Metrics, Logs & Traces for an AI Agent

One agent run through all three observability lenses. Metrics (tokens, LLM latency, failed tools, and a faithfulness eval) tell you something's wrong; correlation-id logs let you filter one request's journey out of the noise; and the trace waterfall shows which span ate the time. The headline: a hallucination returns HTTP 200 with green latency — only the eval catches it. For agents, success ≠ correctness.

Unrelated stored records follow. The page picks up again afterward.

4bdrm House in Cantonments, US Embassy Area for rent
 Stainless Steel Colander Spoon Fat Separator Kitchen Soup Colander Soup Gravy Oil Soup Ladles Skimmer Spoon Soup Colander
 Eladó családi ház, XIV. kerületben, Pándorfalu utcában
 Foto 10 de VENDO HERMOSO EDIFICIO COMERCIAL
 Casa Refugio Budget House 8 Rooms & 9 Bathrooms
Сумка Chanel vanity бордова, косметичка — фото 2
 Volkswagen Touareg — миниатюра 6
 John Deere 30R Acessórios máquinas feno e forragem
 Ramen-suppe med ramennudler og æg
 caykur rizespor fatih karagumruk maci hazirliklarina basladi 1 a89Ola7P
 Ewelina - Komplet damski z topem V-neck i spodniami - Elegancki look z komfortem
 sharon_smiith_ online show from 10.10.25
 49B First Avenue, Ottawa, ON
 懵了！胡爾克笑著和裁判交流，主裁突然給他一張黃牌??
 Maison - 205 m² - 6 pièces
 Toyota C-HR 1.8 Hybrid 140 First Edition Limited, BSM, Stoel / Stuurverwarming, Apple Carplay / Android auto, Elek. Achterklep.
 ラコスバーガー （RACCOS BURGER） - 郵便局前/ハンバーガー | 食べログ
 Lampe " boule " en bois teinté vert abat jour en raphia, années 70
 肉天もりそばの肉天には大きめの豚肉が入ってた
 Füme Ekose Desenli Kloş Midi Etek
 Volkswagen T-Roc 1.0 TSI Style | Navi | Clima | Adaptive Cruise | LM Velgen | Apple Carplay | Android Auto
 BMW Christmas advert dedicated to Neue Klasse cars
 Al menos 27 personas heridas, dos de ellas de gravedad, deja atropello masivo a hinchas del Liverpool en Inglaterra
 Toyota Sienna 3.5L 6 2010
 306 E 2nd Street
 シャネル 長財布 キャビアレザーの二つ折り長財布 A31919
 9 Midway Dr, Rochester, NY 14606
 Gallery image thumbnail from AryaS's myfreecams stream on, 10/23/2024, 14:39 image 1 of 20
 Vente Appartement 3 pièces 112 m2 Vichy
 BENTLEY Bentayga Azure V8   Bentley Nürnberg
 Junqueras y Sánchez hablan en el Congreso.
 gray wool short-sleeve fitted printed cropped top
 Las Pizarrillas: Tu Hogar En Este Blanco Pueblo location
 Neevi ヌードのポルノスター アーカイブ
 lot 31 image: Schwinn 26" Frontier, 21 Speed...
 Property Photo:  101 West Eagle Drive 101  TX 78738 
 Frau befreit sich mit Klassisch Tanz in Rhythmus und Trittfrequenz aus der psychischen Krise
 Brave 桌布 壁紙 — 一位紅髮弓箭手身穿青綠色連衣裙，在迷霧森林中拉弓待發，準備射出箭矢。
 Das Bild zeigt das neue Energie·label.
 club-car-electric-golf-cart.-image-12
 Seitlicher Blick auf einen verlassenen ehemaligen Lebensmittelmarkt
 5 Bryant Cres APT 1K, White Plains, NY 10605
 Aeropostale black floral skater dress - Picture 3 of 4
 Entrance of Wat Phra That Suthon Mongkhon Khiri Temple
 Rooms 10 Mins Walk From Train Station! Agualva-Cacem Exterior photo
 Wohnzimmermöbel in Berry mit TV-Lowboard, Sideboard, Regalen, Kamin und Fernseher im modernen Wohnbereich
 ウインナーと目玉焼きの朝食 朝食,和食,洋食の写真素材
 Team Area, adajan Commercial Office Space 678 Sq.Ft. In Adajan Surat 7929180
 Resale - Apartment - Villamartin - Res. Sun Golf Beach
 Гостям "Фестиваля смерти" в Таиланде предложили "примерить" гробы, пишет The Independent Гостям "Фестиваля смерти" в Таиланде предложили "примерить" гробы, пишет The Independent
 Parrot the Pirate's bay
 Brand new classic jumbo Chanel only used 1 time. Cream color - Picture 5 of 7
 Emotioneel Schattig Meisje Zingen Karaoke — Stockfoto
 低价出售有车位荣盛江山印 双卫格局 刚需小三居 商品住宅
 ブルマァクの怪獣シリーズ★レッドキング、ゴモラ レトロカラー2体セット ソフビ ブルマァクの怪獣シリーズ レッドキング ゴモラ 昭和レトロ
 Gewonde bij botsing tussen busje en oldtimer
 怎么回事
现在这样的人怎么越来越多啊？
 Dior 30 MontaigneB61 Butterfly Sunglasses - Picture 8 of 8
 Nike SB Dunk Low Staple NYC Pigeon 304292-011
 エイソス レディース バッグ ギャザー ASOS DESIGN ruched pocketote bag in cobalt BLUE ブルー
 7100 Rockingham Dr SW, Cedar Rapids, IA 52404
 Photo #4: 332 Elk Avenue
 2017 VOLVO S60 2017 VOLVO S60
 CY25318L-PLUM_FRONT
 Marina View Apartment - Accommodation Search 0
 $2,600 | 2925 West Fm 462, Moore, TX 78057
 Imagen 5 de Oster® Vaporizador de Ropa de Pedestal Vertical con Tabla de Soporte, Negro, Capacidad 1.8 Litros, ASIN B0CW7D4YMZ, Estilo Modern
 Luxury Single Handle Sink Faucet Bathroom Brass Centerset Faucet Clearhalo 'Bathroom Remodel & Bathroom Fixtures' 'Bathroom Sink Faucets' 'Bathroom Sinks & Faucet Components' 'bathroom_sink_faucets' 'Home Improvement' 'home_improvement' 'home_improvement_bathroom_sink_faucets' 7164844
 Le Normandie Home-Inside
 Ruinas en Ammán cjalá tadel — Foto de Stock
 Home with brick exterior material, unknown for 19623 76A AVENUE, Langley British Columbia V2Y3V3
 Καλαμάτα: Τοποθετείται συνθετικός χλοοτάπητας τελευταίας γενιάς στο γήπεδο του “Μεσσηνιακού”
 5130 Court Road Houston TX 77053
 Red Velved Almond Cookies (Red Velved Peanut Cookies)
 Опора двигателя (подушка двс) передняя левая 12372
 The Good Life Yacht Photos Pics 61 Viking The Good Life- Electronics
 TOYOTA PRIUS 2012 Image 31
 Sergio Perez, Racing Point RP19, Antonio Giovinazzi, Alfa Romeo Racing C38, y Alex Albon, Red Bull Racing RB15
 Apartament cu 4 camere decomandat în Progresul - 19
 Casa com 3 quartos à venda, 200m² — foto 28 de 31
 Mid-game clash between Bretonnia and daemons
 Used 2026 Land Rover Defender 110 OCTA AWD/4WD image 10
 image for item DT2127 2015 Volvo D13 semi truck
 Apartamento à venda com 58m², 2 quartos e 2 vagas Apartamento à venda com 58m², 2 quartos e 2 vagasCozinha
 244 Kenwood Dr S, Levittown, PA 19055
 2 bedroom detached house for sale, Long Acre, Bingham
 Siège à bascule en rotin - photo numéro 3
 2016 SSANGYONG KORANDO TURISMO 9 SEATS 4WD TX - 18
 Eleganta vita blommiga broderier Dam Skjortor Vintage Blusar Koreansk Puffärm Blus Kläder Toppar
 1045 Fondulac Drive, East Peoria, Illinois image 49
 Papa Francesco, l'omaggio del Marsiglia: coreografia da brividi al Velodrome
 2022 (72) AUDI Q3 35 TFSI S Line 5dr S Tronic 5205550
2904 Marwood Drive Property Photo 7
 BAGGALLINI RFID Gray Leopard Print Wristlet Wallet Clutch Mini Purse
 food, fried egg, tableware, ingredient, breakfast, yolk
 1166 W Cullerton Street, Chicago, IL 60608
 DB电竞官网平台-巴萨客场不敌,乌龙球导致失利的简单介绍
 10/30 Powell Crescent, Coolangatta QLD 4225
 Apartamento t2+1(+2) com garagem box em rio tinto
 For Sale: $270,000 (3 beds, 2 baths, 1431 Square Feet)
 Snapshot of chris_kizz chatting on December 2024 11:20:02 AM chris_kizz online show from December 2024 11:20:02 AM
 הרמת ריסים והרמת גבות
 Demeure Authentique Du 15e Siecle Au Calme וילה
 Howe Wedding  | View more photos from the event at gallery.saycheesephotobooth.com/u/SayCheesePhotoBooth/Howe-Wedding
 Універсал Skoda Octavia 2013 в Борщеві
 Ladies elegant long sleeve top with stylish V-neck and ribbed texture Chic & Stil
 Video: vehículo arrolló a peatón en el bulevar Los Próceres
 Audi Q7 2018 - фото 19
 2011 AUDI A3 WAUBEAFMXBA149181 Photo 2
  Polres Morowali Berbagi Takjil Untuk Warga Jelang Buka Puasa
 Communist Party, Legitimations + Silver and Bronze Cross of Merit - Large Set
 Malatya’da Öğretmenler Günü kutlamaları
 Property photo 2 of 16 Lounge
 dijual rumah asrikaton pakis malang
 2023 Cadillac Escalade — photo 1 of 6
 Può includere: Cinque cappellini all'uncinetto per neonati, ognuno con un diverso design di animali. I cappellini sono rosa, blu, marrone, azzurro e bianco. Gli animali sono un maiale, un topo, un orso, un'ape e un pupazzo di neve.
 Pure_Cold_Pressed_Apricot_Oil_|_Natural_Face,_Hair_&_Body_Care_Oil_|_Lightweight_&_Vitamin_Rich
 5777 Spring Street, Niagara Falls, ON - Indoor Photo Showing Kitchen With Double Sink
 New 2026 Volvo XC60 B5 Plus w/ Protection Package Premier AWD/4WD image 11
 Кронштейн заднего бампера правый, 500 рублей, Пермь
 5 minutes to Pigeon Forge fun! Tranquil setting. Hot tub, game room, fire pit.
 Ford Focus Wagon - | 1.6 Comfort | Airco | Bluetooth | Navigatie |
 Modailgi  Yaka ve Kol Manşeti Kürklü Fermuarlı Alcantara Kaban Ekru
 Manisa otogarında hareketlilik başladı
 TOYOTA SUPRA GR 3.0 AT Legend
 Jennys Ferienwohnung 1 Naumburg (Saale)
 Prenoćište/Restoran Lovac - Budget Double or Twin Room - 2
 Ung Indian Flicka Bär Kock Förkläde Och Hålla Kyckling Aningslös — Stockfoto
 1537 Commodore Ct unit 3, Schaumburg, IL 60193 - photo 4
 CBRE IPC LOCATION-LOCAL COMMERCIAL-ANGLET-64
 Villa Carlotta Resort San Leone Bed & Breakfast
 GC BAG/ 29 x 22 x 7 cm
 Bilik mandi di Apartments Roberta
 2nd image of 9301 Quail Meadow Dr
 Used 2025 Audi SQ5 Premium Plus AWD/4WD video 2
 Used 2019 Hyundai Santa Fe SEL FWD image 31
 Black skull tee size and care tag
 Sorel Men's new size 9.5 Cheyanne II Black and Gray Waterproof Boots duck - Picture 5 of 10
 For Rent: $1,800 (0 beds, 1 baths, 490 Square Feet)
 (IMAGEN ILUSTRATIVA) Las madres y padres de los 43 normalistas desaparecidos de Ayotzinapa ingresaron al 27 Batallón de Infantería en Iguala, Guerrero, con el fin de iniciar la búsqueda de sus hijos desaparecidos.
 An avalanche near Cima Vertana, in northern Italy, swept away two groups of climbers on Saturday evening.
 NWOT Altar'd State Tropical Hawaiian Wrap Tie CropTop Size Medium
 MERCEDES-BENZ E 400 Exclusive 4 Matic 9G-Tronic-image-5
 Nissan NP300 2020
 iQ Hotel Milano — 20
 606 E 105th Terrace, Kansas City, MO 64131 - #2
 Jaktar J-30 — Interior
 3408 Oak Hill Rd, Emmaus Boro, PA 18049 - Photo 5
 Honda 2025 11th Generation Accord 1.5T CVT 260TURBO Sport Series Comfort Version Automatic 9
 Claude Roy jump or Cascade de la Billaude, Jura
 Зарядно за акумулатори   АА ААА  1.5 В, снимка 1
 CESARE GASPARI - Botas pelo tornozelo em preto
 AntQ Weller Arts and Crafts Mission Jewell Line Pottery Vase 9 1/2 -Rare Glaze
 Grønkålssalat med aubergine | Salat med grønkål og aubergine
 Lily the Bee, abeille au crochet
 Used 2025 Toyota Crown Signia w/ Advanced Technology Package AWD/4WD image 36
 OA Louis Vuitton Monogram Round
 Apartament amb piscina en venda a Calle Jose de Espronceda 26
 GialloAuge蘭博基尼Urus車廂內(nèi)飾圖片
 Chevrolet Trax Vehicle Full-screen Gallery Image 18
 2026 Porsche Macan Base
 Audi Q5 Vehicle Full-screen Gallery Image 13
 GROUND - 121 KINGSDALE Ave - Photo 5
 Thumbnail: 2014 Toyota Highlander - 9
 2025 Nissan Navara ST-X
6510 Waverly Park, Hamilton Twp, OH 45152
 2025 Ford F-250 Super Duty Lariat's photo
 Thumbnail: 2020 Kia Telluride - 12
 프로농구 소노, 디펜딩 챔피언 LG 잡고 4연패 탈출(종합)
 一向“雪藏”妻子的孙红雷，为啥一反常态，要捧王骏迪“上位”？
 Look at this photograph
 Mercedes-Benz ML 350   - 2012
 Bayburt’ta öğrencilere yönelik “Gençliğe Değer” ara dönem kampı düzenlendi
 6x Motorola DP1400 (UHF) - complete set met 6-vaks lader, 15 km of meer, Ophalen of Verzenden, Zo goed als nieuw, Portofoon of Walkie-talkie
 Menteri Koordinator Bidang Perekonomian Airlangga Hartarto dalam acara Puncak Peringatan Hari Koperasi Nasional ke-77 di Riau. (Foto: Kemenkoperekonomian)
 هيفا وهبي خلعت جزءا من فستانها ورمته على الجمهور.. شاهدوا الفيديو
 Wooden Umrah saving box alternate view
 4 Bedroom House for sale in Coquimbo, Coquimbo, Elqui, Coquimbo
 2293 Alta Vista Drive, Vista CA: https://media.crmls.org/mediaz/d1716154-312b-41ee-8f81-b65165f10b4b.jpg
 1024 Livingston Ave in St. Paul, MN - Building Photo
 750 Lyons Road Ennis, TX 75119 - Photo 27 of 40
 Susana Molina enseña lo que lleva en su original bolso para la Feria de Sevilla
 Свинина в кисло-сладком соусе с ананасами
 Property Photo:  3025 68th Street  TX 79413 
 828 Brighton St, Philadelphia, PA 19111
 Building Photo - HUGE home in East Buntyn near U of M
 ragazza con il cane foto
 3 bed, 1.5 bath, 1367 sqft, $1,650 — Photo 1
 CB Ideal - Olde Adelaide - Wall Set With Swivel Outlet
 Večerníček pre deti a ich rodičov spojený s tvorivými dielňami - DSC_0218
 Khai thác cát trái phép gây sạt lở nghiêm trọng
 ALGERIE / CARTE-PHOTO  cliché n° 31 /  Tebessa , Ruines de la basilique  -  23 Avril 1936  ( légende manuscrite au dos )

One run of the contract-risk agent, through all three observability lenses. Inject a problem, run it, and read the metrics, then the logs (turn on the correlation id), then the trace. Note that a hallucination stays HTTP 200 — only the faithfulness metric catches it.

What just happened

▹Three lenses, one run. Metrics tell you SOMETHING is wrong, logs tell you WHERE in the request, and the trace tells you WHICH span ate the time. You drill metric → log (by correlation id) → trace.
▹Agents need agent-specific signals normal APM ignores: tokens & cost, LLM latency, tool/MCP failures, empty retrievals — and evals like faithfulness. The metric you always watch first is tokens.
▹The trap: an agent returns HTTP 200 with a confidently wrong answer. Latency and error-rate stay green; only an eval (faithfulness) catches it. For agents, success ≠ correctness — you must instrument quality, not just liveness.
▹Logs from every tool interleave into noise until a shared correlation id lets you filter to one request and reconstruct its whole journey. Traces (LangSmith / Langfuse) then show the span waterfall.